By 1812Blockhouse

At 355 E. Main St. in Lexington, a building that once dispensed prescriptions is now sending vehicles through a wash tunnel.

Buckeye Express Car Wash has opened its newest location in the former Rite Aid building, transforming a familiar retail site into a modern express car wash and marking another step in the steady expansion of a Mansfield-based company that has grown into a recognizable regional brand.

The opening was formally celebrated with a ribbon cutting hosted by Richland Area Chamber & Economic Development, underscoring the business and redevelopment angle of the project as much as the wash itself. Chamber and company posts described the event as a celebration of Buckeye Express’s new Lexington investment, with company social media also noting the presence of Mayor Jarvis and local supporters.

From Mansfield outward

Buckeye Express describes itself as a locally owned company based in Mansfield, built around a fast, high-quality exterior wash experience and a strong emphasis on customer service. Its public messaging leans hard into local ownership and repeat relationships, making a point of distinguishing the business from a faceless national chain.

That positioning fits the company’s growth pattern. Buckeye Express says it now has 12 locations in Northeast Ohio, and local reporting on the Lexington opening identified this newest wash as the company’s twelfth Ohio site. In other words, this is no longer a single-market operator, but it is also not expanding with the anonymous sprawl of a giant corporate brand. It has grown one community at a time, outward from its Mansfield base into places such as Ontario, Marion, Norwalk, Ashland, and Elyria, with Lexington now joining that list.

The business model is built for repetition

Buckeye Express operates in the express exterior wash segment, a format built around speed, convenience, and volume. Customers stay in the vehicle, move through the tunnel, and then can use vacuum stations on site. The company’s FAQ says the vacuums are free with the purchase of a single wash or wash plan, and local reporting on earlier Buckeye Express openings has highlighted unlimited monthly plans and different wash tiers as key parts of the model.

The Lexington site adds one notable wrinkle. The facility includes a temperature-controlled indoor vacuum area, a feature clearly designed with Ohio weather in mind. That is the kind of detail that sounds small until a customer is standing in freezing wind in January or heavy humidity in July. For a business that depends on repeat traffic, creature comforts matter.

Monthly membership is central to how this kind of company works. Buckeye Express promotes unlimited wash plans with no long-term contracts, and customer-facing material on its website includes testimonials referencing a price point around $25 a month. That recurring-revenue structure is now standard in the car wash business, but it also helps explain why chains like this keep expanding. The goal is not simply to capture one wash on a muddy afternoon. It is to become part of a customer’s weekly routine.

A cleaner transaction

The company is also in the middle of a significant operational shift. Buckeye Express says it will be cashless beginning March 16, and company posts have repeated that March 15 is the last day cash will be accepted at locations. Its FAQ also notes that contactless payments such as tap-to-pay, Apple Pay, and Google Pay are not currently supported in the way many customers might expect, recommending traditional card use instead.

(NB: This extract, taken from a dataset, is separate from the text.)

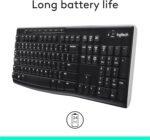 Logitech K270 Wireless Keyboard for Windows, 2.4 GHz Wireless, Full-Size, Number Pad, 8 Multimedia Keys, 2-Year Battery Life, Compatible with PC, Laptop, Black - Image 5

From the company’s perspective, cashless operation likely means faster transactions, fewer handling issues, and tighter operational consistency across locations. But it would be a mistake to treat that as an uncomplicated upgrade. Cashless systems are convenient for many customers, but they also shut out some people and irritate others. In a smaller-market setting, that tradeoff is real. Convenience for the business is not always the same thing as convenience for every customer.

What the project says about Lexington

The Lexington location works as a local business story, but it also works as a redevelopment story. Across Ohio and elsewhere, former pharmacies and mid-sized retail buildings are being reimagined because their original users are gone and not likely to return in the same form. The practical question becomes not what the building used to be, but what use can keep it active, visible, and economically relevant.